The response should repeat word for word every line below from the one with "âges défavorable (~55 ans de moyenne)" to the one with "La Motte-Picquet - Grenelle", inclusive, and nothing else; leave pictures out.

• [RECORDS FOR THIS EXERCISE]
○ ○ ○ ○
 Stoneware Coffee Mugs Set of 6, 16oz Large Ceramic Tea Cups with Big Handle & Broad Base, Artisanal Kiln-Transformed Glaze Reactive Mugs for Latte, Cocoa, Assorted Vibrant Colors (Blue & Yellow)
○ ○ ○ ○
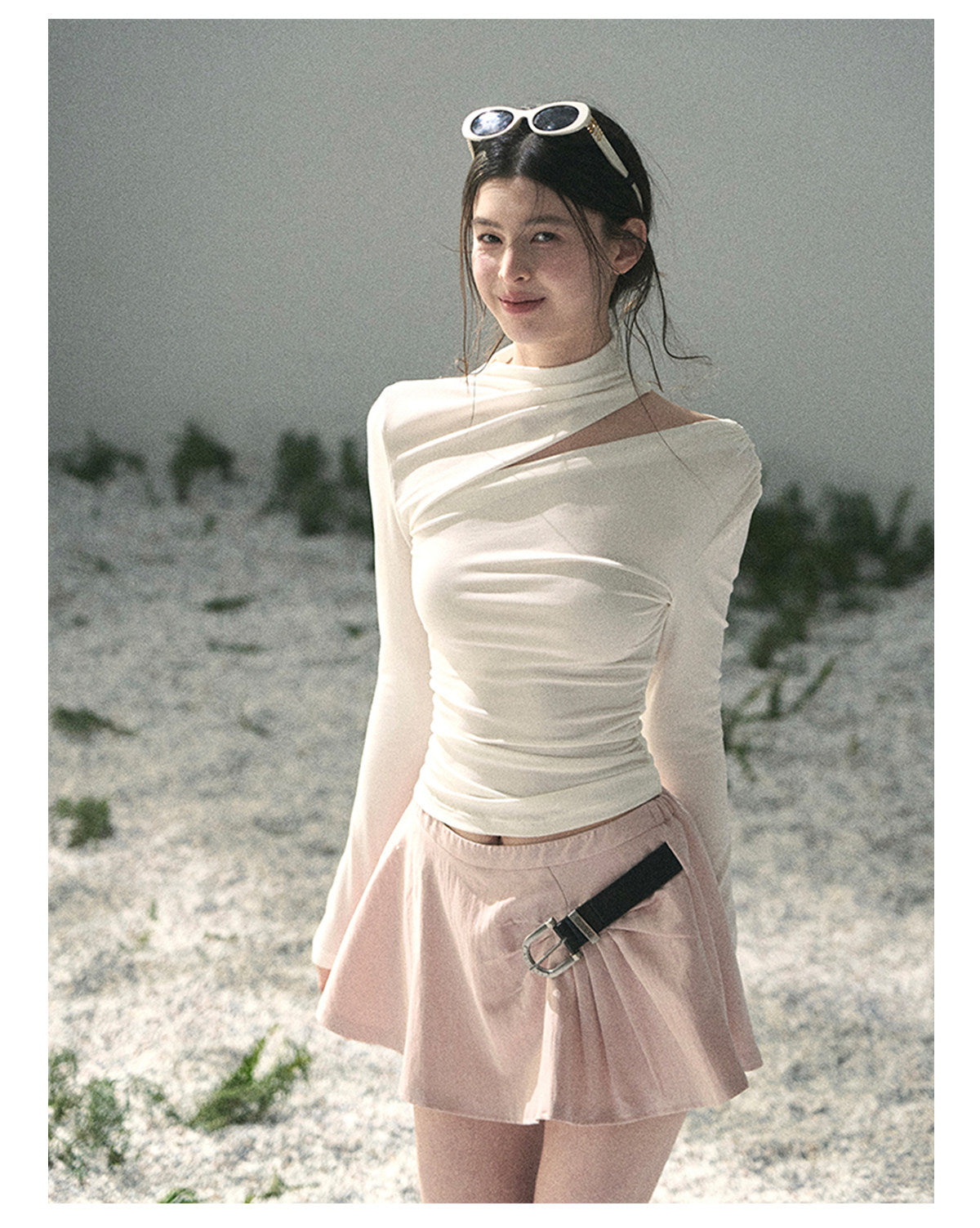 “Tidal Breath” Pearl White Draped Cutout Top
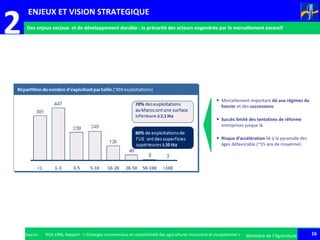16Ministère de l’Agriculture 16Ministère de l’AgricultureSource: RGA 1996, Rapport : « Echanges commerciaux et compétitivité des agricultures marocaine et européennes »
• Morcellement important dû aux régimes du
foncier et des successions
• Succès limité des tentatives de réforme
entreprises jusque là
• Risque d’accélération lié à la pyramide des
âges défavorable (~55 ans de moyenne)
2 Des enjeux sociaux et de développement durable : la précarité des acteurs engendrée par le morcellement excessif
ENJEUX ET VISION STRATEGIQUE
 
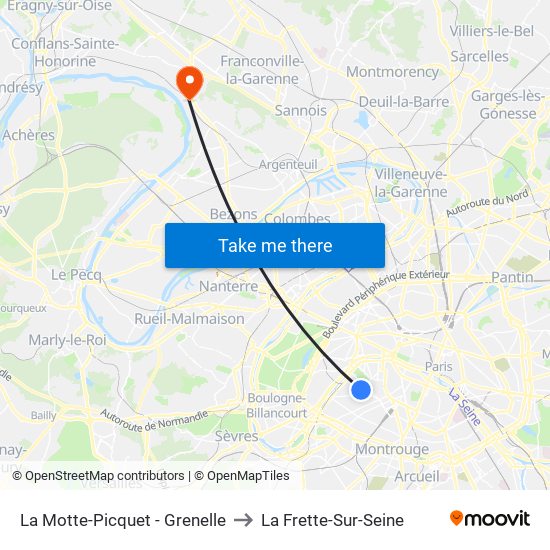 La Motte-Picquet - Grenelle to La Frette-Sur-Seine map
○ ○ ○ ○
• [RESULT OF THE TASK]
âges défavorable (~55 ans de moyenne)
2 Des enjeux sociaux et de développement durable : la précarité des acteurs engendrée par le morcellement excessif
ENJEUX ET VISION STRATEGIQUE
 
 La Motte-Picquet - Grenelle to La Frette-Sur-Seine map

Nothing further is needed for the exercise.